Alors que Théo et Riton s'offraient un petit voyage dans le cellier, j'allai voir les deux gosses pour m'assurer qu'ils ne tuaient personne. À mon grand étonnement, le Gamin était couché sur les jambes de sa grande sœur, il dormait paisiblement pendant que la Gamine lui caressait la tête en regardant le terrarium devant elle. Il s'agissait d'une énorme cage en verre, plus haute que moi, contenant une statue du Penseur de Rodin. Le pauvre bougre servait de support à un élevage d'araignée dont le corps était gros comme mon pouce.
« On dirait que celui-là a attendu trop longtemps pour agir » dis-je tout bas pour ne pas réveiller le Gamin, « Maintenant il se sent obligé de rester immobile, sinon ils détruiraient la maison de ses hôtes. »
« C'est stupide !» me répondit la Gamine sans arrêter de fixer la statue dans les yeux. « Ce ne sont que des parasites, si j'étais à sa place je ne me laisserais coincée par rien ni personne. »
« Pourquoi penses-tu qu'il reste comme ça Gamine ? »
« Par peur. Il craint que les araignées l'attaquent. »
« Possible, ça peut être par amour aussi. Il ne veut peut être pas les déranger. »
« Ce sont des araignées, Vieux Gamin. Personne n'aime les araignées. »
« On a la compagnie que l'on souhaite. Tu dis que tu ne laisserais personne te stopper, mais ton frère t'empêche de te lever. »
« Ce n'est pas la même chose ! » répliqua t-elle d'un ton menaçant, «Mon frère n'est pas une araignée. »

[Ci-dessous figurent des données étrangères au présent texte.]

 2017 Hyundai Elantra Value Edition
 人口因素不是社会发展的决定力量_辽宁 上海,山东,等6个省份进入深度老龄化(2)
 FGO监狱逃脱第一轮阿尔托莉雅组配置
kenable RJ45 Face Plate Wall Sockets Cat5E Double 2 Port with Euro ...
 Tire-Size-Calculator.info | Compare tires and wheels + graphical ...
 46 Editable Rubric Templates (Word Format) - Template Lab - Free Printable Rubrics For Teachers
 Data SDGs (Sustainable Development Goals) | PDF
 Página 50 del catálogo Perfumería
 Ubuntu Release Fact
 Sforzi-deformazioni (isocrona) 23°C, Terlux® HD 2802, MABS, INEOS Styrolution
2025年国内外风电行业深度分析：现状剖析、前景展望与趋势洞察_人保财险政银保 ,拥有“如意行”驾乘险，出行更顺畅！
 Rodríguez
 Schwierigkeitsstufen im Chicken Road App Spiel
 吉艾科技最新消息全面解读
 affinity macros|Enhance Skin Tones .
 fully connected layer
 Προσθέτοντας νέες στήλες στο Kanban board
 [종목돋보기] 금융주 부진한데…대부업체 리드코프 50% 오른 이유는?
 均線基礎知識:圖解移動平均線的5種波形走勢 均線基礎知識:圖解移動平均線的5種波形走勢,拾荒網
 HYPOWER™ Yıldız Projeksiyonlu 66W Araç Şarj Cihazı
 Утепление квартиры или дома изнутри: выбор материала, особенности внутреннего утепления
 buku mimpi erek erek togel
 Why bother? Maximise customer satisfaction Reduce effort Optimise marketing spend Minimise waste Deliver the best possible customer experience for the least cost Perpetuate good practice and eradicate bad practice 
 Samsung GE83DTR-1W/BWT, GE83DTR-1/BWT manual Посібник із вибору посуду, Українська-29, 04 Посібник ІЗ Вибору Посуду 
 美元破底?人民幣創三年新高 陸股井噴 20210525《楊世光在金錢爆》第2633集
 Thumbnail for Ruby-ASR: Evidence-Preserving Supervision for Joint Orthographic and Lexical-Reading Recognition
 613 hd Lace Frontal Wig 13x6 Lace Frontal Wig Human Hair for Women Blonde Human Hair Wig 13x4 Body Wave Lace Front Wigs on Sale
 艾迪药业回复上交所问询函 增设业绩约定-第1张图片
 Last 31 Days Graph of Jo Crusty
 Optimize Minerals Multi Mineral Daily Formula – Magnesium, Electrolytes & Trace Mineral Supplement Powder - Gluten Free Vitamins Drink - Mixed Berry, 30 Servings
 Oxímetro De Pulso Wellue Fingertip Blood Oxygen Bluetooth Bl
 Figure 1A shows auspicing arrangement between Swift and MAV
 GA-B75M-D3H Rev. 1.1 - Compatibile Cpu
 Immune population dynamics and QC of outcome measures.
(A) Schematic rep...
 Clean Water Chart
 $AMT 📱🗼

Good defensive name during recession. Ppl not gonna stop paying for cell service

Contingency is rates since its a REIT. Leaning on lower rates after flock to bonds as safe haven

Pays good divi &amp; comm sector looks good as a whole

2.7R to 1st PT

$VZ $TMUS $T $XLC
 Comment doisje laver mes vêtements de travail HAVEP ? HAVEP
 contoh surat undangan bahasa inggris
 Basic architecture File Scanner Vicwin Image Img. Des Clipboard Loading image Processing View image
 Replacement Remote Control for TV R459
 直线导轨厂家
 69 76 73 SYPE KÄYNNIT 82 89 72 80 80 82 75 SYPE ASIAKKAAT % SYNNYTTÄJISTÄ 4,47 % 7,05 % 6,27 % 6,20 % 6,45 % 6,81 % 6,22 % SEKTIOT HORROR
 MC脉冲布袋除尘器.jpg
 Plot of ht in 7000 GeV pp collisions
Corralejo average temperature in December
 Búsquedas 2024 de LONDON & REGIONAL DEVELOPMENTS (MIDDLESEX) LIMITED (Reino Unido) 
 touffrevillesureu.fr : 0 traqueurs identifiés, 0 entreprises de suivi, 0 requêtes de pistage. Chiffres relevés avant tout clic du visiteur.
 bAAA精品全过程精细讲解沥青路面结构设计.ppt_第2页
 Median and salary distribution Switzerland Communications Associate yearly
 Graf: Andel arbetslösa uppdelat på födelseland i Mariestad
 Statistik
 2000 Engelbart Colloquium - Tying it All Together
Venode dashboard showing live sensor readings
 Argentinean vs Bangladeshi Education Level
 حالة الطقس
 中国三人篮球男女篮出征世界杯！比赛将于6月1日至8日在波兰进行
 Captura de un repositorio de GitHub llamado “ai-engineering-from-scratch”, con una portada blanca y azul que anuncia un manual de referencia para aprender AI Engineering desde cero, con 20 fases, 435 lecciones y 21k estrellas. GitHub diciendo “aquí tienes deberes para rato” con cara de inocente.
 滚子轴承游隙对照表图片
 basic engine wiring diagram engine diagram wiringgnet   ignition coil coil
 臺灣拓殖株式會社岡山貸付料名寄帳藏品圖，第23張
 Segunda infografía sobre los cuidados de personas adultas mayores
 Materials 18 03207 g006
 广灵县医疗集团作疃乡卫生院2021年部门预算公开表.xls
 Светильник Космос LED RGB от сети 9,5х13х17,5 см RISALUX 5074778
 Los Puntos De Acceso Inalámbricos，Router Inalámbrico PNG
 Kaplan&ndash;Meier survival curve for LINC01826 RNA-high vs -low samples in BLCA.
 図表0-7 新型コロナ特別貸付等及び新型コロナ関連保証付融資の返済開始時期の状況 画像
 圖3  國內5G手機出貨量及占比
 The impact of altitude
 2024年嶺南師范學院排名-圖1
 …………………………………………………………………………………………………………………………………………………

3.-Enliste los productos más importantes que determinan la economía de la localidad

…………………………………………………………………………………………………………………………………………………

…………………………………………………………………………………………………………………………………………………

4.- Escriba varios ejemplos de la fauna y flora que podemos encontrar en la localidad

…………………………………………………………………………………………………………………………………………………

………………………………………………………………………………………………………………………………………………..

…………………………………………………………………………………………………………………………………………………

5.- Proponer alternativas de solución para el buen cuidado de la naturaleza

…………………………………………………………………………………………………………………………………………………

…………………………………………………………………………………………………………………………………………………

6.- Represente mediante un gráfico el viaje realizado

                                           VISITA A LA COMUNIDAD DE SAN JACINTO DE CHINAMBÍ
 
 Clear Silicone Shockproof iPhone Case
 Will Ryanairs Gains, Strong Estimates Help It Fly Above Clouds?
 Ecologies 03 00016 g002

« Non en effet, c'est quelqu'un que tu protèges. On pourrait s'y méprendre d'ailleurs : on pourrait croire que ce sont les araignées qui protègent la statue. Après tout, c'est peut être toi l'araignée. »
«... Qu'est ce que vous insinuez vieux cinglé ? »
« Moi ? Je n'insinue rien. Je vois un gamin muet qui n'a jamais vraiment communiqué avec les humains et je vois une grande sœur qui lui serre de bouclier. Je m'assure juste que la dite grande sœur comprenne bien qu'il doit finir par sortir et découvrir le monde extérieur. »
« Il a déjà vu le mond... »
« Seul .»
Elle resta paralysée quelques secondes, sa lèvre tremblant un petit peu. « … Il n'est pas prêt. »
« Peut être. Mais ça viendra. Malheureusement pour toi, je n'attendrai pas que tu sois prête. Aussi, tu sais comme moi que c'est pour le mieux, pour toi comme pour lui. »
Elle me fusilla du regard, il y avait de la haine dans ses yeux et une promesse sourde de vengeance ; mais comme je ne bronchais pas, elle détourna le regard, prit délicatement son frère dans ses bras, sans le réveiller, et se dirigea vers la chambre de Théo.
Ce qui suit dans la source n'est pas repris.